For instance, you get to know that you’ve planted seeds in me that will show themselves in the next music I make. Tish will be in the next music I make because I trust you too and need your energy and perspective. You’ve given me a lot. I can’t wait to show you.
Glennon Doyle:
Oh, you’re making music right now?
Brandi Carlile:
I’m getting ready to lean into it and there’s all these little pieces and fragments starting to come together. And what I think because I’m a visualizer when I’m thinking of a lot…
Tish, you’ll recognize this as the sounds I was making on that flying V fender with that amp that we had dialed all the way up to where it was just all it was doing was feeding back and I got out of control and I had three pairs of headphones on, so it didn’t make me deaf, and I was just floating around all the cords and that ambiance that’s behind a lot of cool moments like Long Drive and Sober, I think a lot about that, how I never would’ve made that sound without you, and that feels like it makes its way into the next things that I make.

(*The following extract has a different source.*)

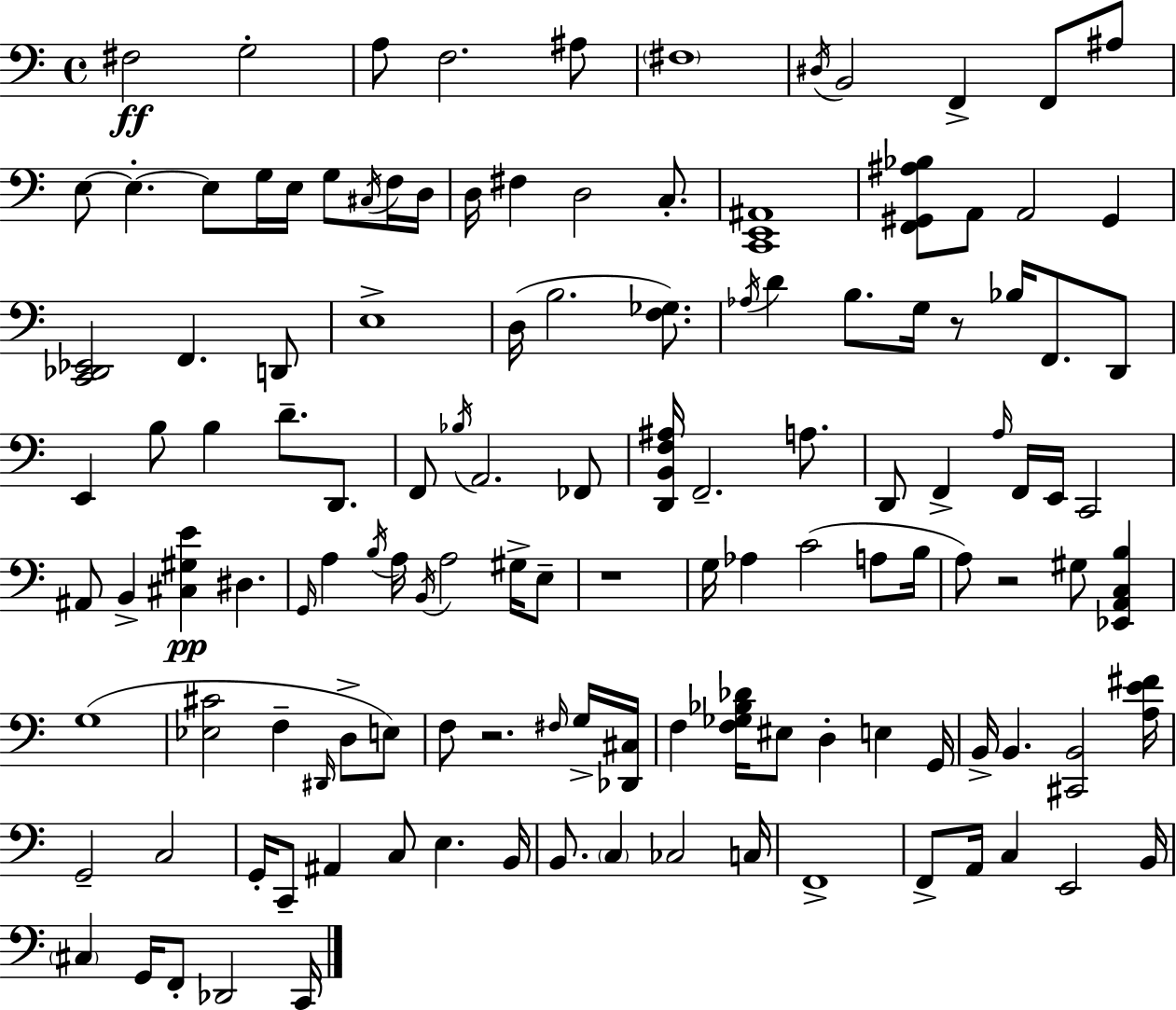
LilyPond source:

And the piano, the way that you taught me to translate Damage onto piano is that those really open chords in that space that just leaves nothing but room for brutal honesty. Yeah, that will be coming from Tish. When you hear that, you can credit Tish for that. If it’s good. If it’s not, she’ll tell me, and I won’t release it.
Glennon Doyle:
You do tell each other the truth.
Brandi Carlile:
But I don’t want to gloss over how much that meant to me, the things that you said, Tish, thank you.
Glennon Doyle:
When you picture your relationship with Evangeline and Elijah when they’re 18, what are you planning and hoping for? What will it look like?
Brandi Carlile:
I think we’ve talked about this. You… By the way, also, gee, you show up in my songwriting too. As you know, I just wrote that song based on what you and I talked about backstage.
I don’t know because I’m starting to only now get glimpses of it. I have an oldest daughter that is just so special. In fact, I happen to have a photo of her right here. This is…
Glennon Doyle:
Oh God. Oh my God.
Brandi Carlile:
And a younger daughter that’s so special too. But that younger daughter doesn’t cater to me in the way that my oldest daughter does.

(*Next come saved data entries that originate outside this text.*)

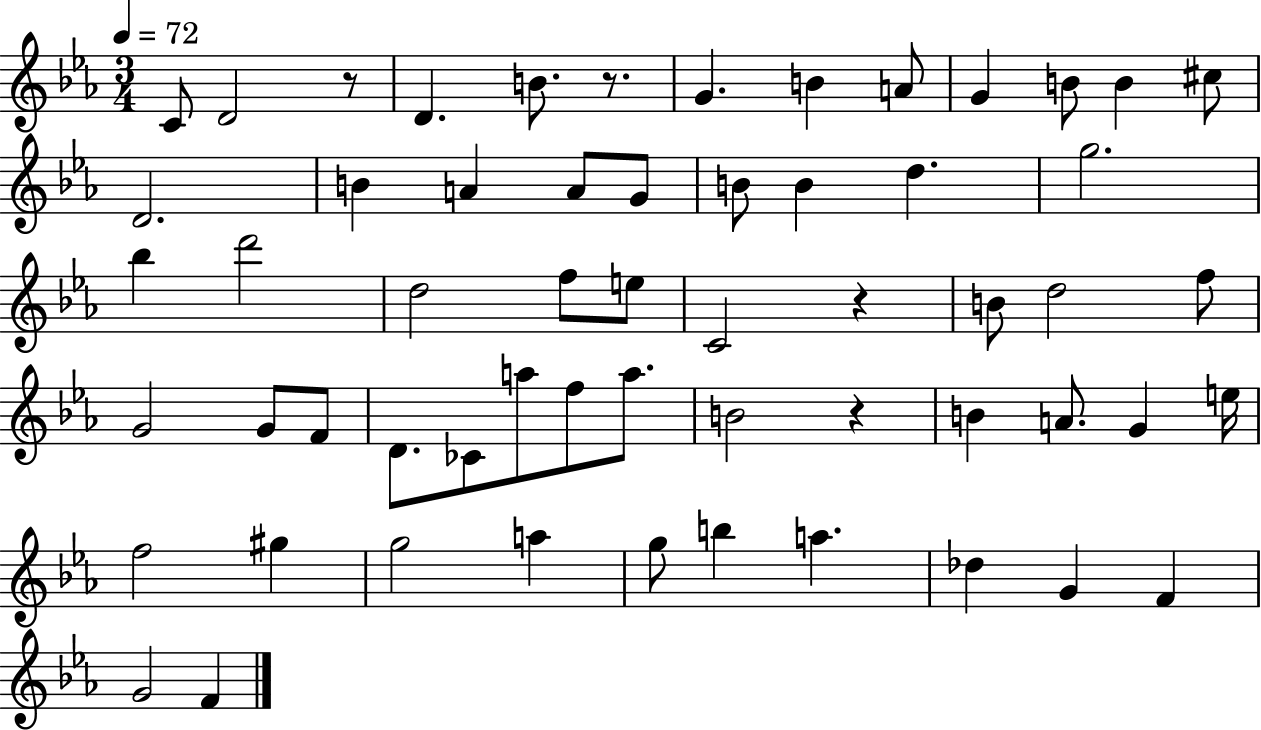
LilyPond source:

{
  \clef treble
  \numericTimeSignature
  \time 3/4
  \key ees \major
  \tempo 4 = 72
  \repeat volta 2 { c'8 d'2 r8 | d'4. b'8. r8. | g'4. b'4 a'8 | g'4 b'8 b'4 cis''8 | \break d'2. | b'4 a'4 a'8 g'8 | b'8 b'4 d''4. | g''2. | \break bes''4 d'''2 | d''2 f''8 e''8 | c'2 r4 | b'8 d''2 f''8 | \break g'2 g'8 f'8 | d'8. ces'8 a''8 f''8 a''8. | b'2 r4 | b'4 a'8. g'4 e''16 | \break f''2 gis''4 | g''2 a''4 | g''8 b''4 a''4. | des''4 g'4 f'4 | \break g'2 f'4 | } \bar "|."
}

Last night’s a great example. We went clam digging, which is very much my thing. I love fishing and crabbing and shrimping and clam digging, and this child pretends to fish because she wants to do those things with me, and she wants me to think she’s like a mini me, and we have this thing about it. Watching her try to choke down those clam last night was as funny as it was heartbreaking.
But I’m only just starting to see glimpses of who she actually is without me, without being tethered to me. And instead of finding ways to move forward in tandem with Evangeline when she reaches the age that Tish is, I am trying to seek out guidance from people like you guys about how to move forward in support of her even in places I don’t understand.

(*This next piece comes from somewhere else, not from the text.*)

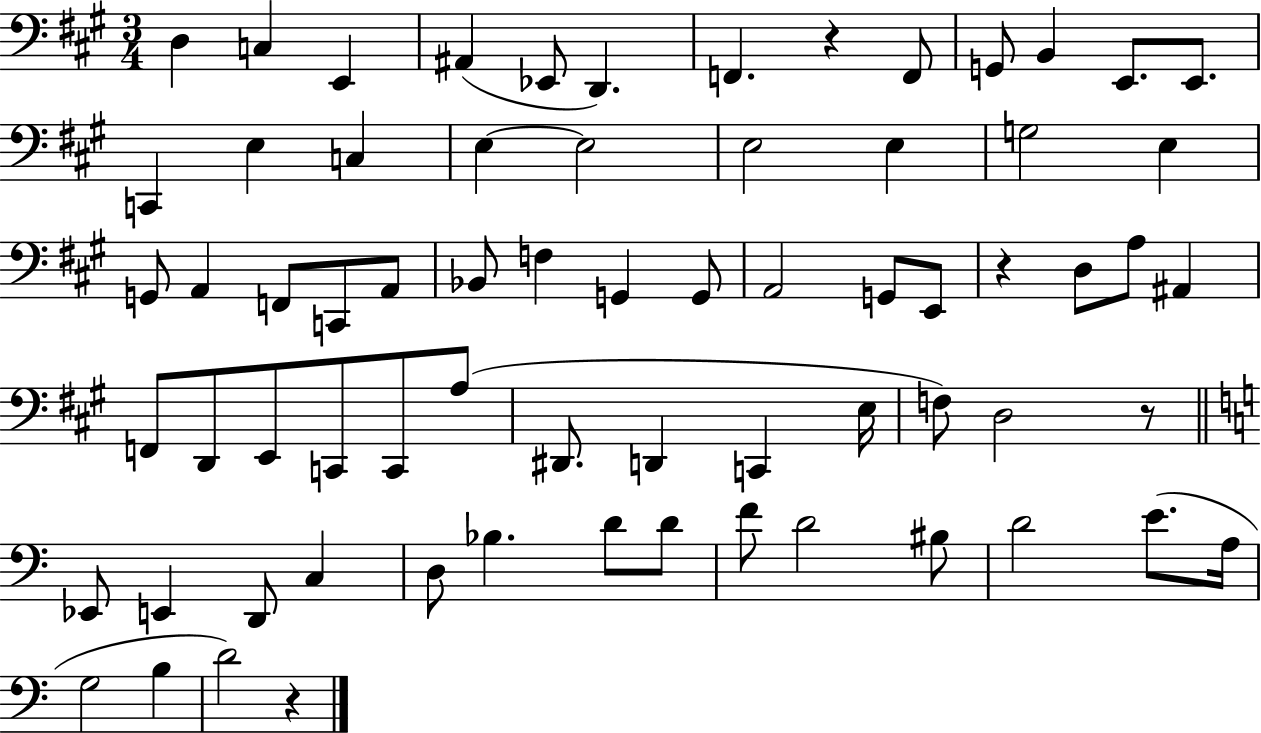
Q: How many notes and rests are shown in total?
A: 69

You guys having to tell me I can’t get out of the car at soccer practice. I wouldn’t know that. I’ve never seen a soccer practice in my life.
Glennon Doyle:
Yeah.
Brandi Carlile:
Yeah. There’s just things like I hope that my relationship with her is authentic, let’s put it that way, and that she doesn’t feel like she still has to choke down razor clams to gain my…
Glennon Doyle:
Oh, God.
Tish Melton:
But I think that takes a while.
It wasn’t until this year when my mom and I’s relationship actually became two separate people having a relationship.
Brandi Carlile:
Really?
Glennon Doyle:
We didn’t know we were two separate people.
Brandi Carlile:
Tell me about it.
Glennon Doyle:
Yeah, tell her what happened on the stairs.
Tish Melton:
It literally all-
Brandi Carlile:
Was there a point? Was there a turning point?
Tish Melton:
It literally all came from me arguing over my curfew with her. I didn’t have a curfew for a while because it wasn’t until this year when I really started going out with my friends because we used to be the same person. So I used to stay home every single night and be in bed by 8:00 P.M. and read my book and then fall asleep.
Glennon Doyle:
It was perfect. I had it all under control.
Brandi Carlile:
That sounds exquisite.
Tish Melton:
It was great.
And then this year, we just started disagreeing over stuff and we had never done it before. And it was so weird to-
Glennon Doyle:
It’s so weird.
Tish Melton:
… disagree about stuff.
Glennon Doyle:
I remember one day you being on the stairs and me saying, “I think I have to say to you…” This is me, “I think I have to say to you, you can’t go.” And she’s looking back at me going… She just looked actually confused and she was like, “What’s happening?” She goes, “Are we having different opinions?”
And the next morning, Brandi, I went to her and I said, “Okay, I think here’s what’s happening. I think we’re doing something called individuating.”
Brandi Carlile:
No.
Glennon Doyle:
Yes.
Brandi Carlile:
No.
Glennon Doyle:
“I think it’s good. I think we’re supposed to be doing this. We’re supposed to be disagreeing. We’re supposed to be separating.” We’re supposed to be getting to that support thing and not pretending that we like clams and we have to be okay with that.
Tish Melton:
But that happened after 17 years. You don’t have to stress about this happening anytime. Obviously, everyone’s relationship is different.
Brandi Carlile:
It goes really fast.
Tish Melton:
But I’m a lot like my mom. I think Eva’s a lot like you, so I think it’s just like… I don’t know. Maybe you just take in the time when she pretends to like clams because I feel like-
Glennon Doyle:
It’s sweet.
Tish Melton:
… I’ll probably pretend to like-
Brandi Carlile:
Okay. I will.
Tish Melton:
… clams a lot.
Brandi Carlile:
If you’re giving me permission, then I totally will.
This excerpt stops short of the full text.